If I had a Spring Java (well, Kotlin) app that processes stuff off SQS (large startup time but potentially very high parallelism), would you recommend running ECS containers and scale them up based on SQS back-pressure? Or would you package them up as Lambdas with provisioned capacity? Throughput will be fairly consistent (never zero) and occasionally bursty.

2 comments

I would not use Spring, or Java for that matter, for lambdas, speaking from experience.

"Lambda containers" is a bit of a misnomer, as you can have multiple instances of a function run on the same container, it's just that initial startup time once the container shuts down that is slow (which can be somewhat avoided by a "warming" function set to trigger on a cron).

I would definitely go with containers if your intention is to use Spring. ECS containers can autoscale just the same as lambdas.

There's some work being done to package Java code to run more efficiently in serverless computing environments, but IIRC, it's not there yet.

Thanks! I wasn't planning it, but can't hurt to ask.
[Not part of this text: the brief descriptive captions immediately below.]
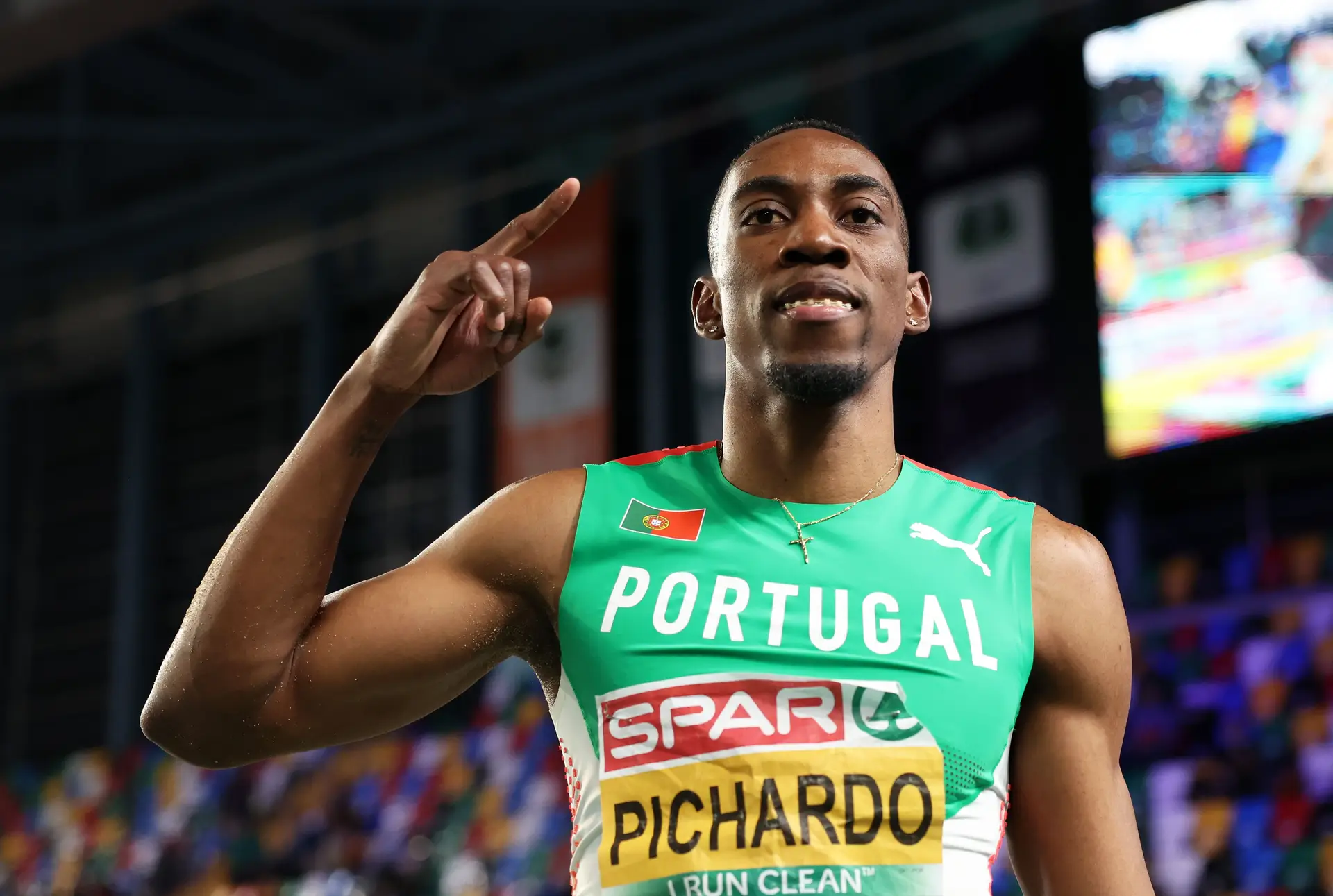 Presidente da federação de atletismo “assegura” que Pichardo vai aos Jogos Olímpicos se estiver bem de saúde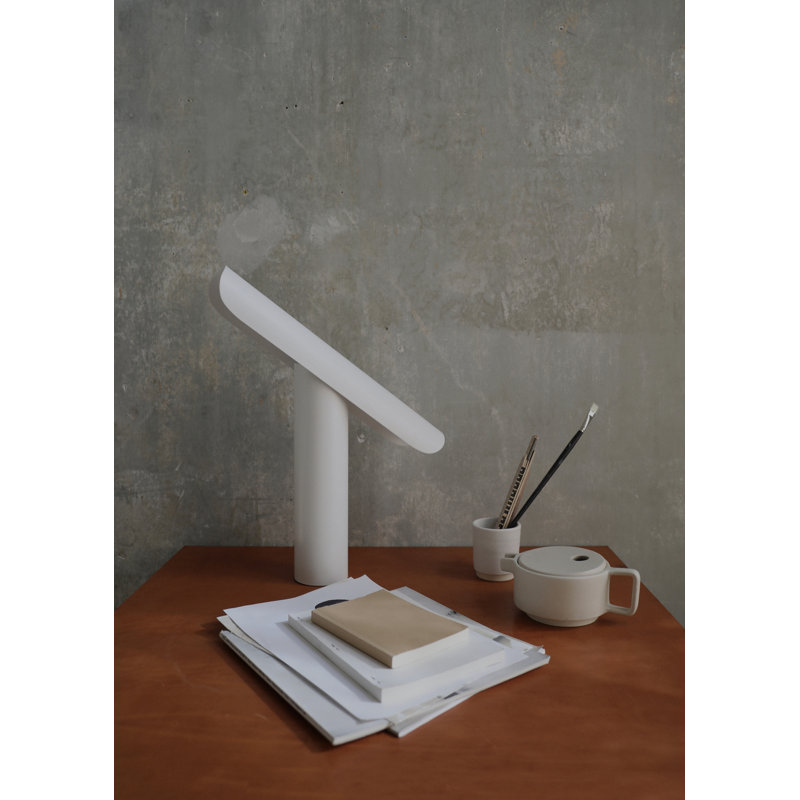 T-Lamp LED Table Lamp, White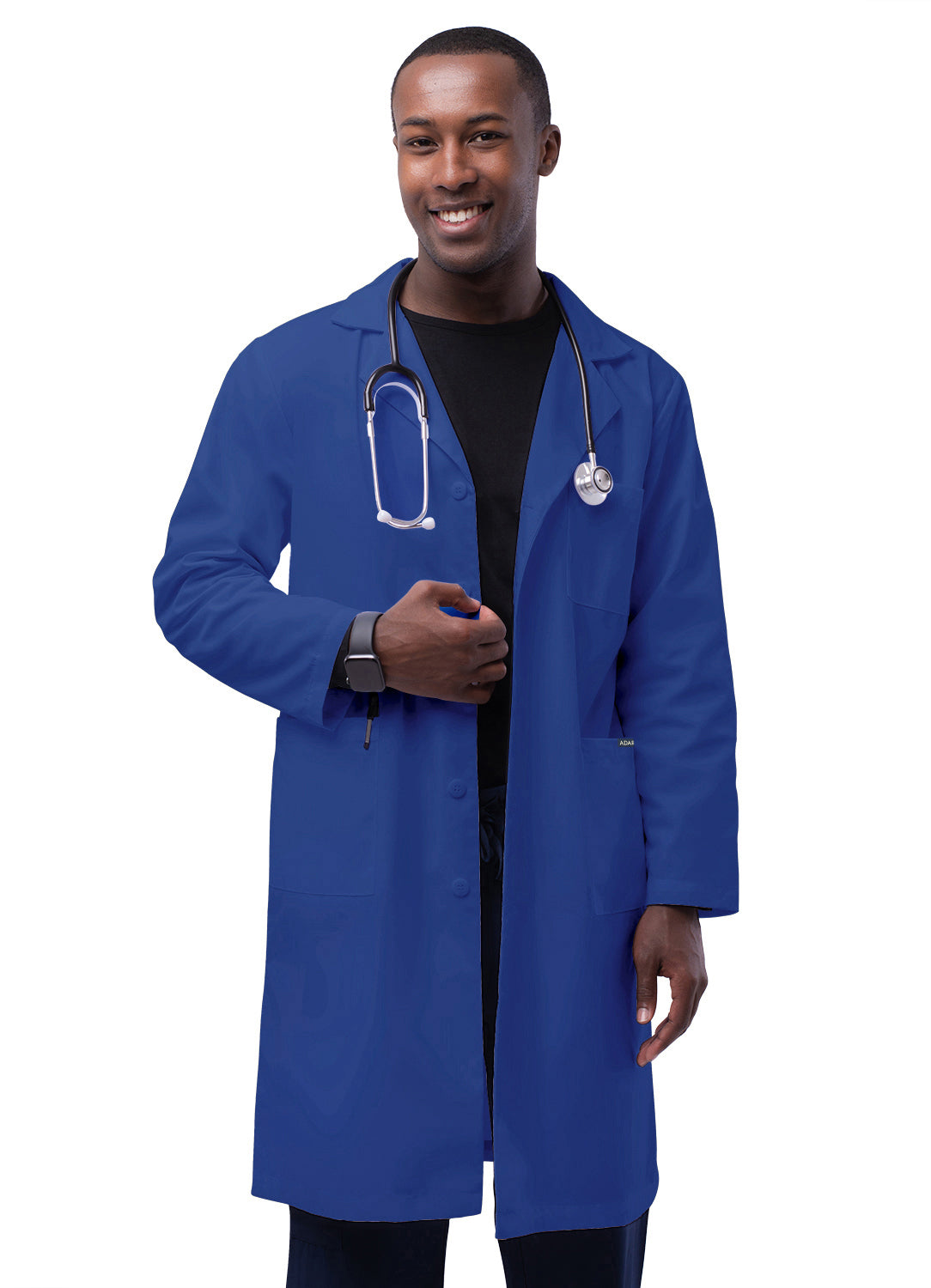 Adar Universal Unisex 39" Lab coat with Inner Pockets (More Color)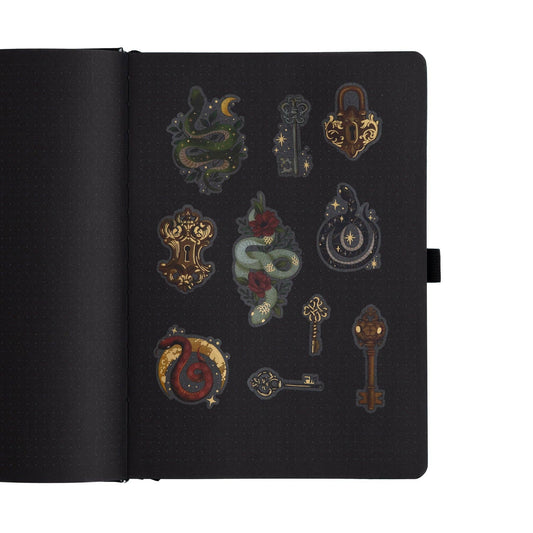 Archer & Olive - Coiled Key Sticker Set image 2
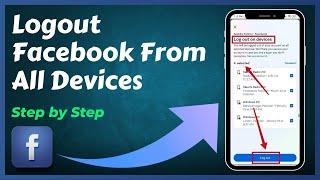 How to Facebook Logout From All Devices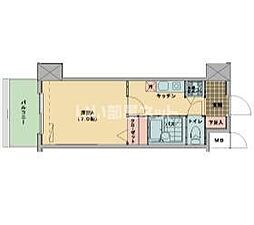 インヘリッツ田原 1Kの間取図画像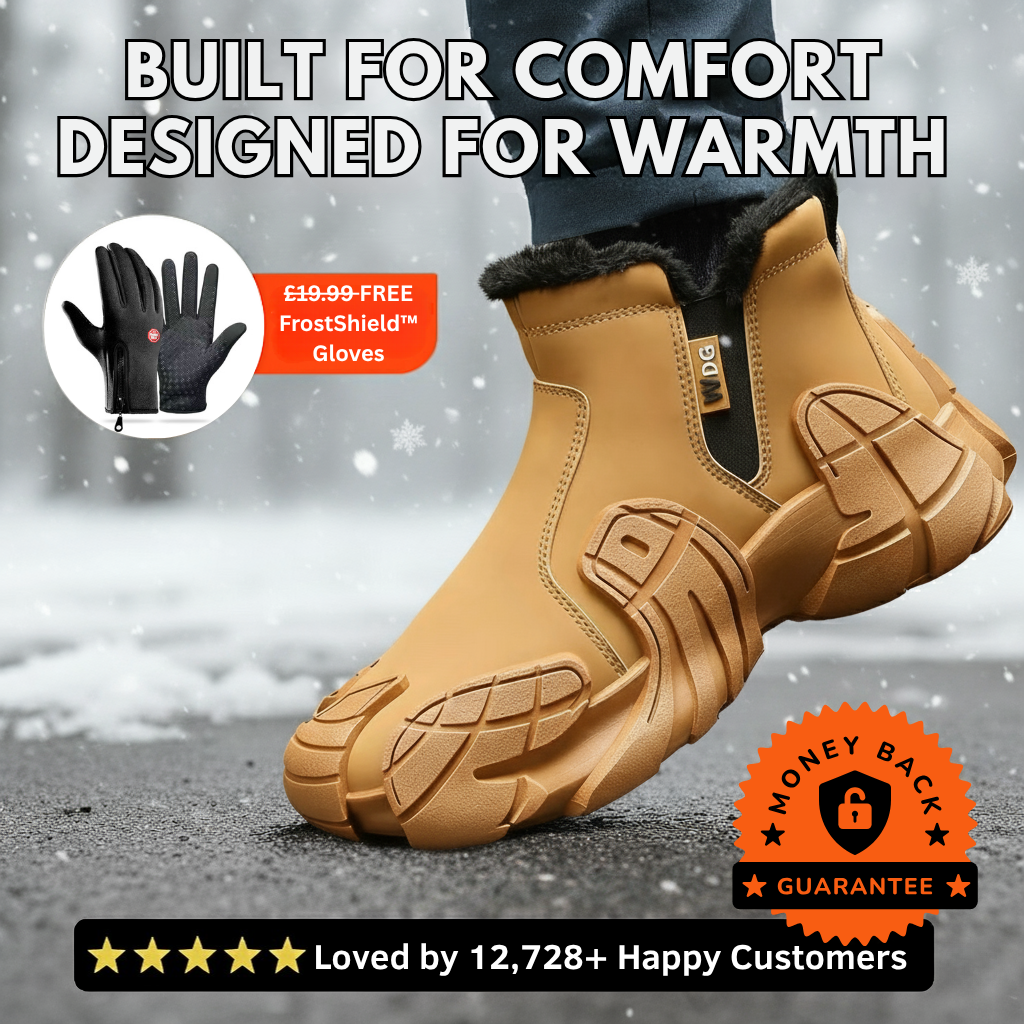 ThermaBoots™ Fleeced Waterproof Boots - Grey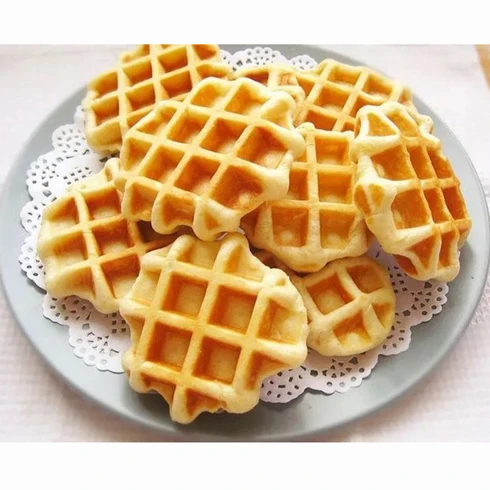 Коммерческий Электрический Бельгия вафельница машина пекарня популярная в 2020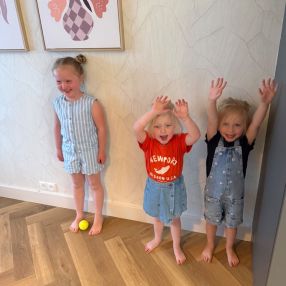 Saskia, Family in Nieuwegein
When I looked the Lambda API looked uncomplicated to implement (I saw an example somewhere) and it felt like you could just write a few controllers and gain the ability to run a subset of functionality in Lambda, especially if your app could be kept warm.

(to your cron comment, I thought that the reserved capacity would mean the container would be forcibly kept warm?)

Provisioned concurrency is nice, but can get pricey, especially in an autoscaling scenario. It moves you from a pay-per-usage situation to hourly fee + usage model. I would wait until your requirements show you absolutely need it. For most use cases, you will either have enough traffic to keep the lambda warm, or can incur the cost of the cold start. Warming functions did the trick for us. If you think about it provisioned concurrency is paying for managed warmers.
Spring is a one thing, Java is really another. One can use Java without reflection, and then the cold starts are really reduced. Additionally, there's a GraalVm which is optimized VM which should be even faster. On top of that, if the reflection is not used, these days one can compile Java to the native image, which has none of these problems.
When you say fast though, you really are talking in comparison to other methods of using Java on Lambda. But compared to using something like Go, they are all slow.
Each container handles requests serially. This doesn’t preclude you from spawning multiple threads in Lambda to do background work though.
Serially, but up to ten requests in a single batch

> By default, Lambda polls up to 10 messages in your queue at once and sends that batch to your function.